Station 7: Familie Steeg

Die Düsseldorfer Straße 35 heute. Foto: Daniela Tobias

Düsseldorfer Straße 35 – Zur Karte – Zum Tourstart

Paul Steeg kam 1874 in Bochum zur Welt. Er heiratete die 1875 in Castrop geborene Emma Steinberg. Das Ehepaar kam 1905 nach Ohligs. Es eröffnete 1909 in der Düsseldorfer Straße 35 den „Central-Bazar“.

Der „Central-Bazar“ gehörte zu den größten jüdischen Geschäften in Ohligs. Neben Spielwaren gab es Kristallwaren, Kunstgegenstände, Kleinmöbel, Haushaltswaren und Geschenkartikel zu kaufen.

Geschäft Paul Steeg, Düsseldorfer Str. 35 (rechts), Postkarte von ca. 1910. Quelle: Stadtarchiv Solingen, PK 2446
Das Geschäft von Paul Steeg an der Düsseldorfer Straße 35 (rechts), Postkarte von ca. 1910. Quelle: Stadtarchiv Solingen, PK 2446

Tochter Grete absolvierte nach der Schule eine kaufmännische Lehre im „Central-Bazar“. 1929 heiratete sie den in Iserlohn geborenen Kaufmann Walter Wertheim.

Annonce zum Schulanfang vom 5. April 1910 im Ohligser Anzeiger. Quelle: Stadtarchiv Solingen via zeitpunkt.nrw
Annonce vom 5. April 1910 im Ohligser Anzeiger. Quelle: Stadtarchiv Solingen via zeitpunkt.nrw
Annonce vom 5.9.1931 im Ohligser Anzeiger. Quelle: Stadtarchiv Solingen via zeitpunkt.nrw

Als Paul in den Ruhestand ging, eröffnete Schwiegersohn Walter anstelle des „Central-Bazars“ ein Warenhaus namens „ERWEGE“. Die Waren dort waren besonders günstig.

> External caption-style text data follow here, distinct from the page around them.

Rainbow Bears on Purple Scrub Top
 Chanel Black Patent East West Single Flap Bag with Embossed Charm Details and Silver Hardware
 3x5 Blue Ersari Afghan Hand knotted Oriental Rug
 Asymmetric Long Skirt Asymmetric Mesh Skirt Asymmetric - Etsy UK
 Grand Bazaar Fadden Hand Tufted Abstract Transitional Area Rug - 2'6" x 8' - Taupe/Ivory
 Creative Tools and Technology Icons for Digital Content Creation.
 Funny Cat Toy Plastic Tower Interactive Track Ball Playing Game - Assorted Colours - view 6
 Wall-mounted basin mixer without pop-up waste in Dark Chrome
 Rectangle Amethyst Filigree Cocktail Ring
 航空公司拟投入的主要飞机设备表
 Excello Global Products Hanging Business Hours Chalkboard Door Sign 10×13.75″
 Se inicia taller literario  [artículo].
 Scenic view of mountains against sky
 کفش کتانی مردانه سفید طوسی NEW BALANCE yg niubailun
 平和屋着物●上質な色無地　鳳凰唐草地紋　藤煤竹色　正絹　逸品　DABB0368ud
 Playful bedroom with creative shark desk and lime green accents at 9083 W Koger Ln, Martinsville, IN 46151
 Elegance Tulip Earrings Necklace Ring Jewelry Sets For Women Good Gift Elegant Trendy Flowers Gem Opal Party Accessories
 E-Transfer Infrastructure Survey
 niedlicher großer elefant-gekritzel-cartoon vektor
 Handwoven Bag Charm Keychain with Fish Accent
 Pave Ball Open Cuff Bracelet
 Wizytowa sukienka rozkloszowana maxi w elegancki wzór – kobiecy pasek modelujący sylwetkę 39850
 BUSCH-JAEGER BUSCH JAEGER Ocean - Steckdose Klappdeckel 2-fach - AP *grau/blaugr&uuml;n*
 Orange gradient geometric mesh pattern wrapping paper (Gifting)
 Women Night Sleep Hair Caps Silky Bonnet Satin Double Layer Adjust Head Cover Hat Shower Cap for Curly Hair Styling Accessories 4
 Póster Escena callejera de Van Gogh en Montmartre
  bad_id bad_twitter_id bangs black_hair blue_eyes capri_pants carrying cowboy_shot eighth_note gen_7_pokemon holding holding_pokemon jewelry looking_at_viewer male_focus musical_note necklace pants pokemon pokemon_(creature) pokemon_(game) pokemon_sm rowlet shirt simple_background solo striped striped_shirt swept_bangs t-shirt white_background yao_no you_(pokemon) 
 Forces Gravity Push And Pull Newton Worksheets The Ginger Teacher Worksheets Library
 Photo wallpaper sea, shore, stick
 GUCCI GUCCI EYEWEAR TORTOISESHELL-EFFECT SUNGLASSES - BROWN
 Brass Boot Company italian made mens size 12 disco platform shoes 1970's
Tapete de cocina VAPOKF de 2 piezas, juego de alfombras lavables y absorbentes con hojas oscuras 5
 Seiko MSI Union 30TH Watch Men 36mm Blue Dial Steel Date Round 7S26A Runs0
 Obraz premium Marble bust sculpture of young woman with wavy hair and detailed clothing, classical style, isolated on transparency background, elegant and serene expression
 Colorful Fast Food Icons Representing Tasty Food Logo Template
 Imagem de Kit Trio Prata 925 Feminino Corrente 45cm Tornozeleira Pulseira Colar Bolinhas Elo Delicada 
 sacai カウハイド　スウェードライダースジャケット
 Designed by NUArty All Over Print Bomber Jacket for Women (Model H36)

Walter Wertheim beschäftigte zwischen 45 und 60 Angestellte. Er galt als strenger, aber guter Chef. Grete war für das Personal sowie für die Abteilungen Textil-, Schreib- und Schuhwaren verantwortlich.

Paul war nach seiner Rente der stellvertretende Vorsteher der jüdischen Gemeinde Solingen.

Walter hatte noch einen jüngeren Bruder: Fritz. Fritz war eigentlich Anwalt. Die Nationalsozialisten verboten Juden jedoch, als Anwälte zu arbeiten. Deswegen zog er im August 1933 nach Ohligs und arbeitete im Geschäft von Walter mit.

Die Brüder waren in einem jüdischen Sportverein, da sie in anderen Vereinen nicht mehr mitmachen durften.

Das Warenhaus machte trotz Boykotten und Judenfeindlichkeit noch bis 1937 Gewinn. In der Pogromnacht 1938 wurden Geschäft und Privatwohnungen der Familien komplett zerstört. Grete und Walter mussten aus einem Fenster flüchten. Emma konnte in die Wohnung eines Mitarbeiters flüchten.

Paul war vermutlich zu der Zeit im jüdischen Krankenhaus in Köln in Behandlung. Er starb dort zwei Tage nach der Pogromnacht an den Folgen eines Magengeschwürs. Ob Grete noch Abschied von ihrem Vater nehmen konnte, wissen wir nicht. Bereits am 12. November ging sie zusammen mit ihrem Mann und seinem Bruder Fritz im niederländischen Rotterdam an Bord eines Schiffes. Das Schiff brachte sie nach New York.

Grabstein von Paul Steeg auf dem jüdischen Friedhof in Köln-Bocklemünd. Quelle: Synagogengemeinde Köln

Das Geschäft in Ohligs wurde an einen nicht-jüdischen Besitzer verkauft. Auch die Möbel der beiden Familien verkaufte man.

Im Dezember 1939 gelang es Emma ebenfalls, nach New York zu kommen. Walter eröffnete in New York ein Lebensmittelgeschäft. Besonders beliebt war bei den Kunden ein Heringssalat, der nach einem Rezept von Emma zubereitet wurde.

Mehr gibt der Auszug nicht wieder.